I think it may be better for you to stick to known brands for e-liquid specifically...you don't really know what they are using for the flavour. Don't want anything bad to happen

Reactions: Like 1 | Agree 1


----------



## wiesbang (18/1/16)

I don't think so hey.

But maybe some of the guys who makes juices can tell you
@Oupa @Mike @Rooigevaar

Reactions: Like 2 | Agree 2


----------



## Cespian (18/1/16)

Hey bud

Not enough information to determine if its safe for vaping.

However, IMO:
If you can get it right to ask the manufacturer for the component list, then compare it with a similar flavour on TFA's site (http://shop.perfumersapprentice.com/specsheetlist.aspx and click on the "component list"). IMO if it similar, I personally wouldnt try it though lol, stick to the concentrates that have been working well for the community (ie.
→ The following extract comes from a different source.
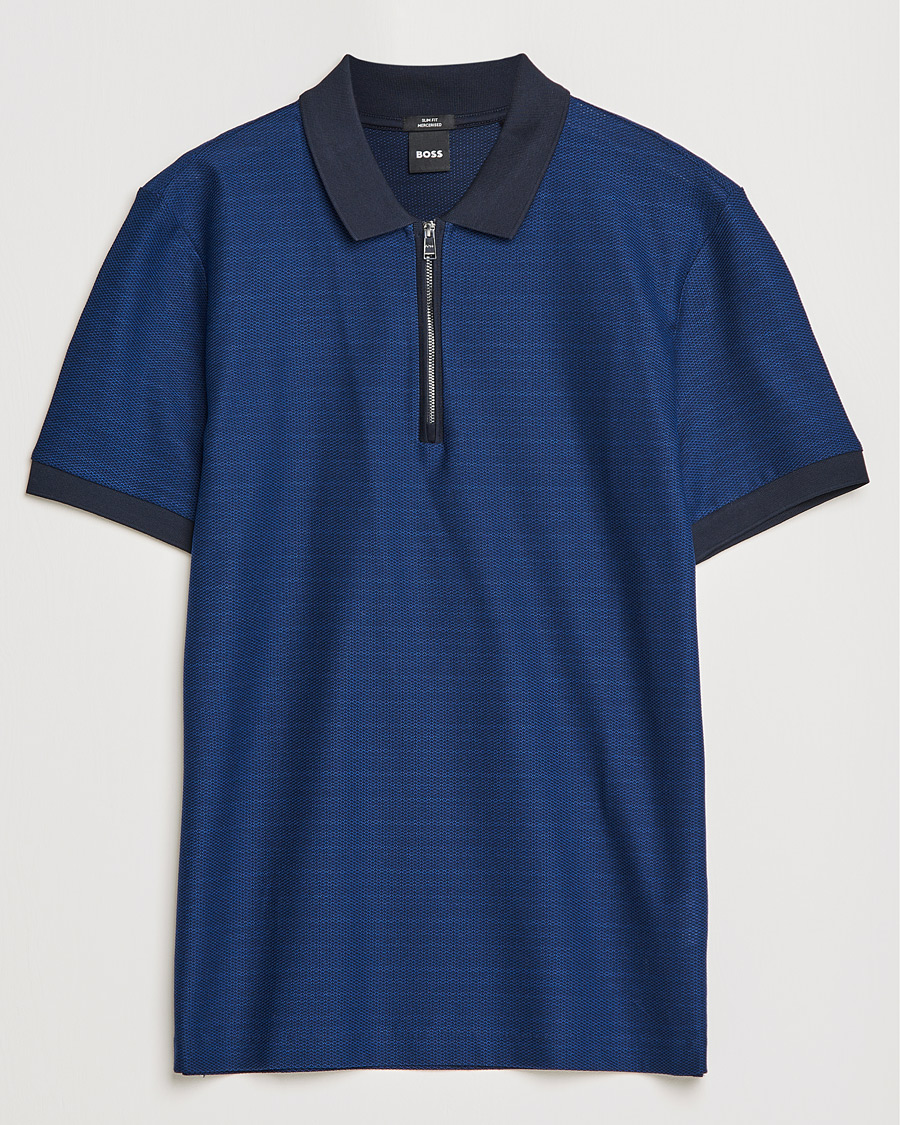Men | Polo Shirts | BOSS BLACK | Polston Half-Zip Polo Dark Blue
TFA, FA, FW, CAP, LA)

eg, might contain alcohol or large amounts of acetoin etc...

Reactions: Like 1 | Agree 2 | Informative 1


----------



## Rooigevaar (18/1/16)

I would advise against it... rather get some flavouring from one of the local flavour vendors. 

Sent from my SM-G900F using Tapatalk

Reactions: Like 2 | Agree 3


----------



## Matu (18/1/16)

Thanx for the info guys!!

It is such a pity and this flavours/essences retail for R10/10ml


----------



## CloudmanJHB (18/1/16)

I would say, if in doubt, rather don't...
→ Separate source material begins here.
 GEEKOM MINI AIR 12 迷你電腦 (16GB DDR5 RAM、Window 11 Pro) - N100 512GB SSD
Reactions: Like 1 | Agree 2


----------



## rogue zombie (18/1/16)

I may be pointing out the obvious but...

You know that, Inawera especially, but also Flavorah and Flavour Arts are actually cheap, because comparably you so much less of it, because it's super concentrated.

If you find these cheap concentrates, you need to find out how much % you would use them with.

I found these "secret" manufactured ones to be pointless, because if you are using say 10% of a flavour, it would have to be less than R30 for it to makes sense in using, over FA. FA I never use more than 3%.

That... and I would always choose to use brands directly associated with vaping.


Sent from my SM-G920F using Tapatalk

Reactions: Like 3 | Agree 3


----------



## Matu (18/1/16)

Thanks for the info man!!

Reactions: Like 4


----------



## Mike (18/1/16)

I only trust the big names. Even if compositors don't list something on their MSDS, it may still be present as they often don't take account of trace amounts in each component.

Reactions: Like 1 | Agree 2


----------



## Matu (19/1/16)

Cool @Mike 

I will continue buying skyblue etc.


----------